_ASSIGNMENT_
Although the data below contains pictures, output only the lines between those holding "Load image into" and "Chị Nguyễn Phạm", inclusive, exactly and without those pictures.

==== MATERIAL SUPPLIED

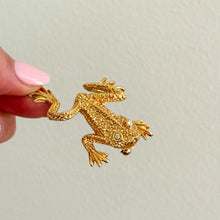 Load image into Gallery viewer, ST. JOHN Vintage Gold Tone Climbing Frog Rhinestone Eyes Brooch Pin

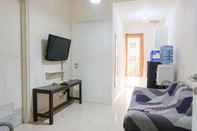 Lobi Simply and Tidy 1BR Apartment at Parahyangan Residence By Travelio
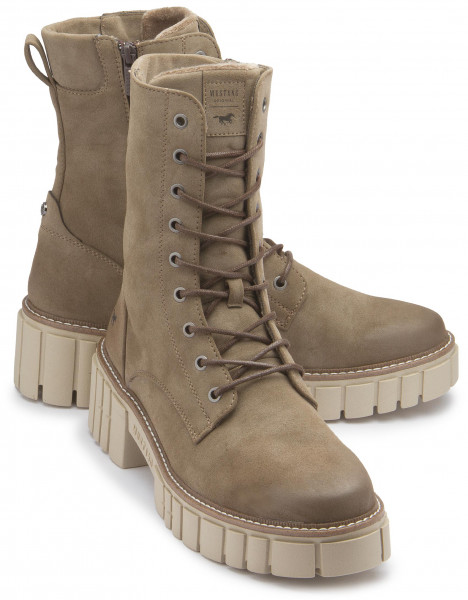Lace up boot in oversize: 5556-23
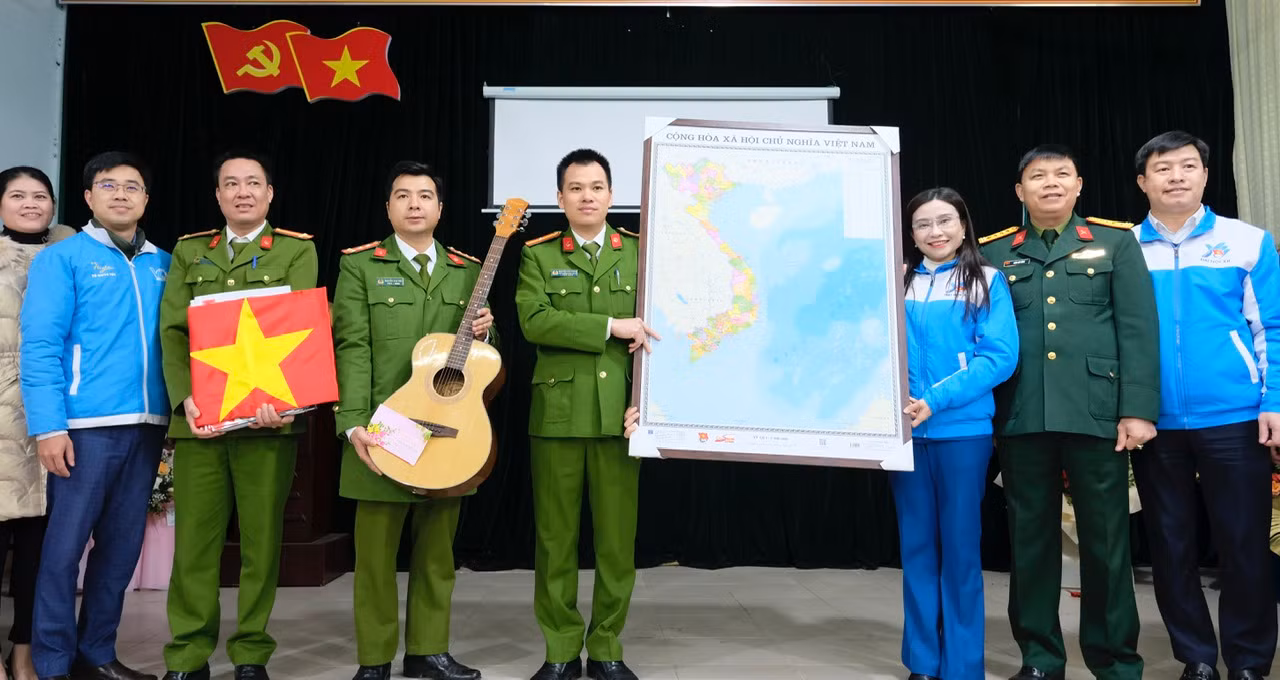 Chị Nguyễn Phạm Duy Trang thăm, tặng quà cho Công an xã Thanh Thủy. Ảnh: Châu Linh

========
==== MATERIAL SUPPLIED

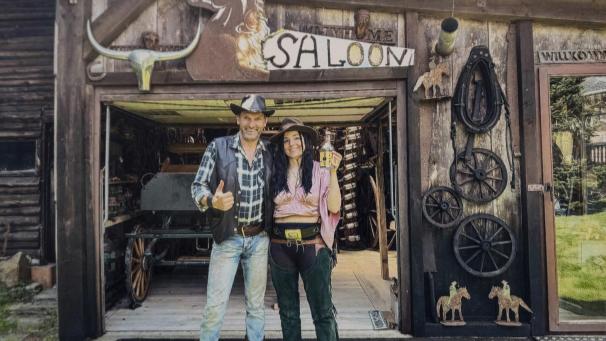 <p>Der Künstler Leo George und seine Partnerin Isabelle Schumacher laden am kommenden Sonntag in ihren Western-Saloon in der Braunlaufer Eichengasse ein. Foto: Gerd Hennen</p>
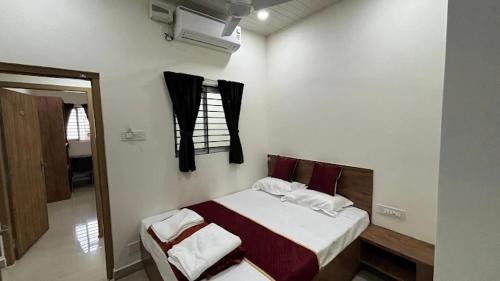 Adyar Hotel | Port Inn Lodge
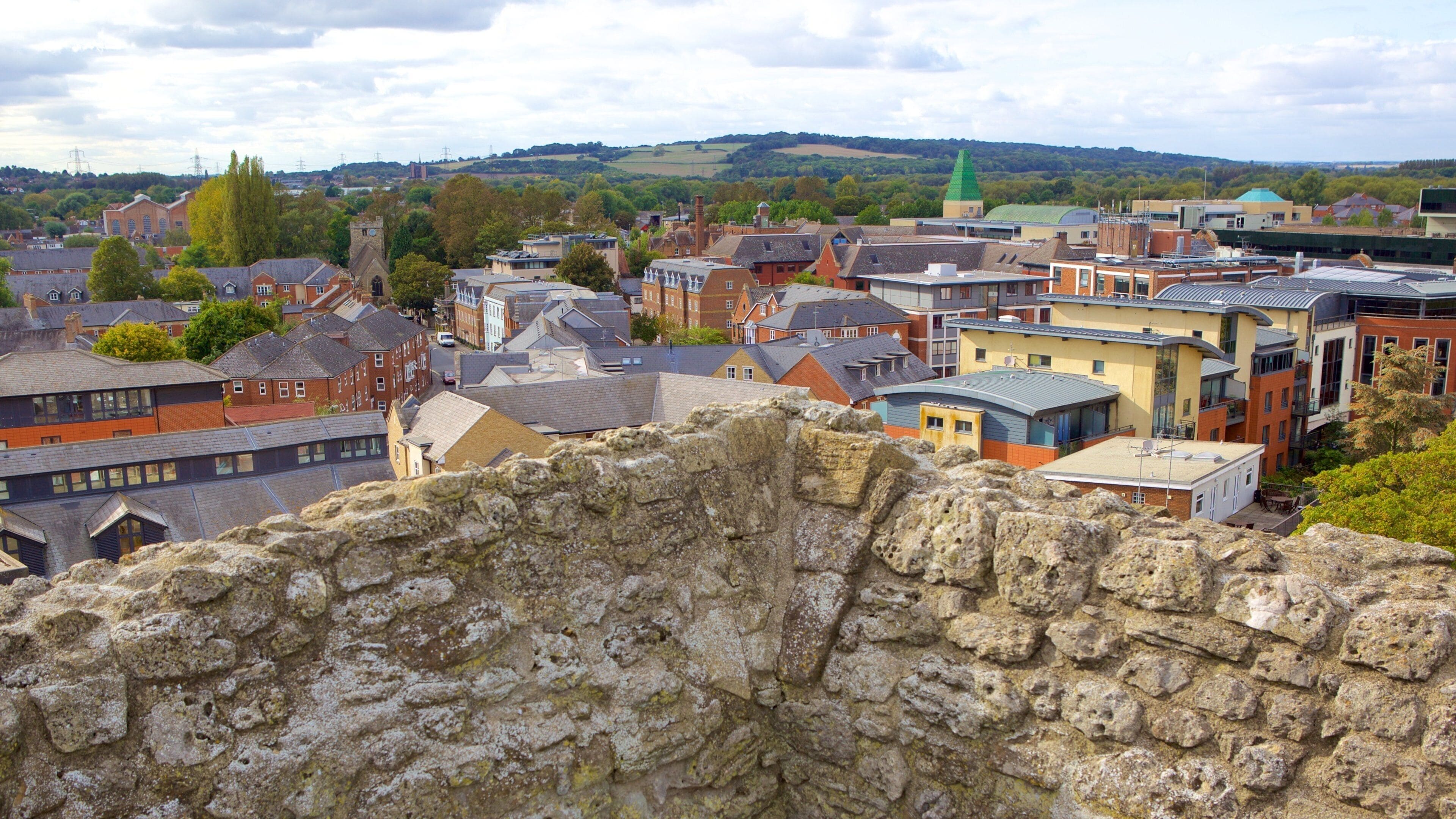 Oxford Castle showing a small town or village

========

_TASK ANSWER_
 Load image into Gallery viewer, ST. JOHN Vintage Gold Tone Climbing Frog Rhinestone Eyes Brooch Pin

 Lobi Simply and Tidy 1BR Apartment at Parahyangan Residence By Travelio
Lace up boot in oversize: 5556-23
 Chị Nguyễn Phạm Duy Trang thăm, tặng quà cho Công an xã Thanh Thủy. Ảnh: Châu Linh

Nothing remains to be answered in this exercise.